======== MATERIAL SHOWN

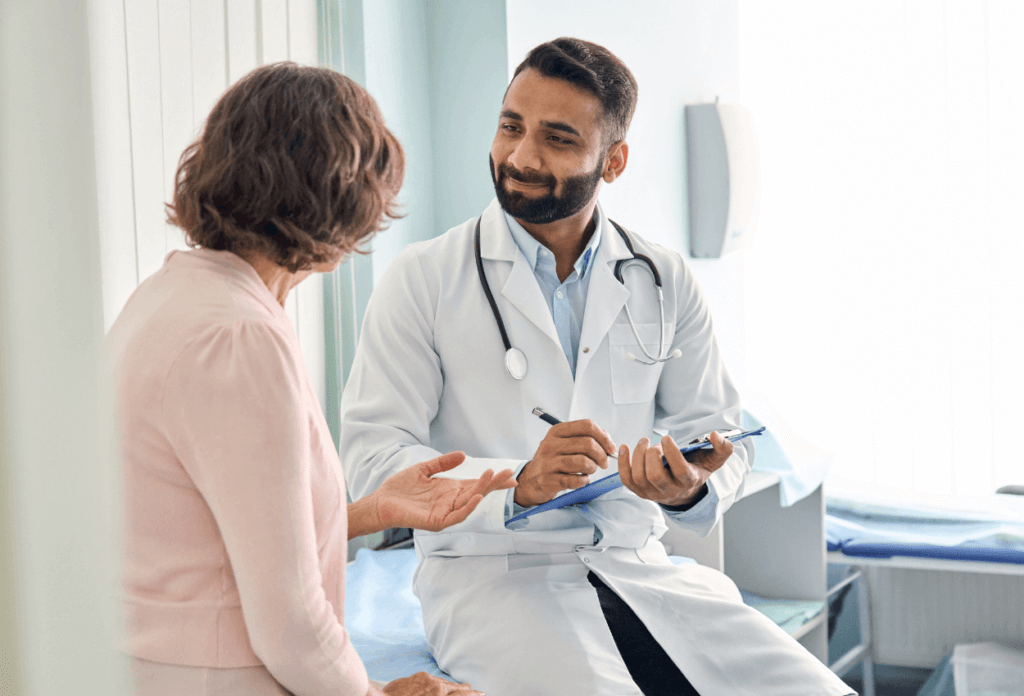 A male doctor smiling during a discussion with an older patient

================
======== MATERIAL SHOWN

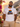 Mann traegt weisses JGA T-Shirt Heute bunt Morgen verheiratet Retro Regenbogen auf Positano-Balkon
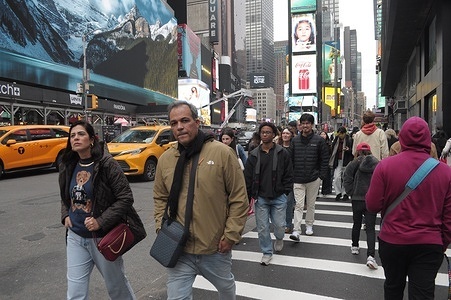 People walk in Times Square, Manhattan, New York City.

================

-- ASSIGNMENT --
Repeat exactly the stretch of the listing above that starts with the line holding "Mann traegt weisses" and finishes with the line holding "People walk in", both included. Skip every picture.

-- REPLY --
 Mann traegt weisses JGA T-Shirt Heute bunt Morgen verheiratet Retro Regenbogen auf Positano-Balkon
 People walk in Times Square, Manhattan, New York City.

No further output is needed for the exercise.